Problem description:
Look below for the line containing "Telo Frangivento per"; from there through the line containing "Holipick Black Ruffle", both lines included, please set down each line exactly and nothing else.
─── Data provided ───
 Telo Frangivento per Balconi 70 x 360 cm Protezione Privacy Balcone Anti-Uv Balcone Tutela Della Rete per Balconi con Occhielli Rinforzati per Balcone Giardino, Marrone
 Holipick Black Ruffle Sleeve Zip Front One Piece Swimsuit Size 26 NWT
───
─── Data provided ───
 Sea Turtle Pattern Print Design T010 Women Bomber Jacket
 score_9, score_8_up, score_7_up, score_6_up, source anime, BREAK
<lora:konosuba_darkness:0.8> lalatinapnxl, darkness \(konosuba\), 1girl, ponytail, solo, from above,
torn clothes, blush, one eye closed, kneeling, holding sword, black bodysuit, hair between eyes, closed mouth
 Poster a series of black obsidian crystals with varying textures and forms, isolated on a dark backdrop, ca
───
─── Data provided ───
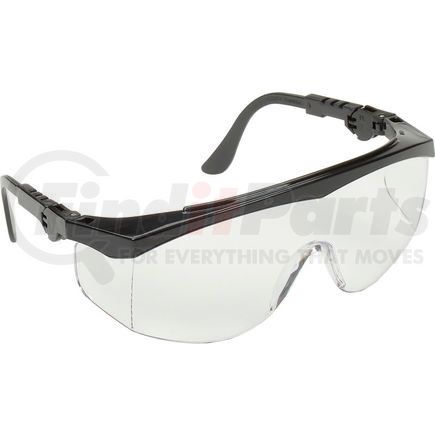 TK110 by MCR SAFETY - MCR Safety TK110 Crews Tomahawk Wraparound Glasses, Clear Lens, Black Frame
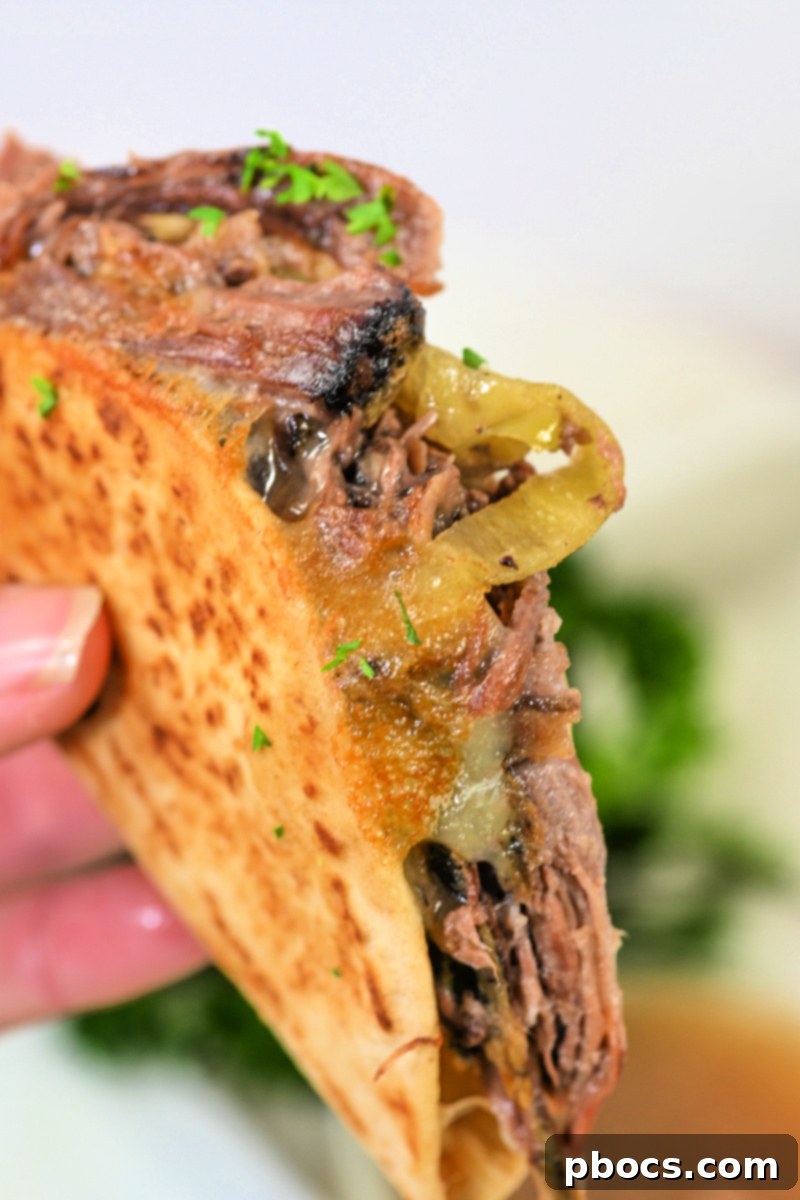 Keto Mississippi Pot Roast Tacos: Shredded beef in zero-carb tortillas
───
Your response:
 Telo Frangivento per Balconi 70 x 360 cm Protezione Privacy Balcone Anti-Uv Balcone Tutela Della Rete per Balconi con Occhielli Rinforzati per Balcone Giardino, Marrone
 Holipick Black Ruffle Sleeve Zip Front One Piece Swimsuit Size 26 NWT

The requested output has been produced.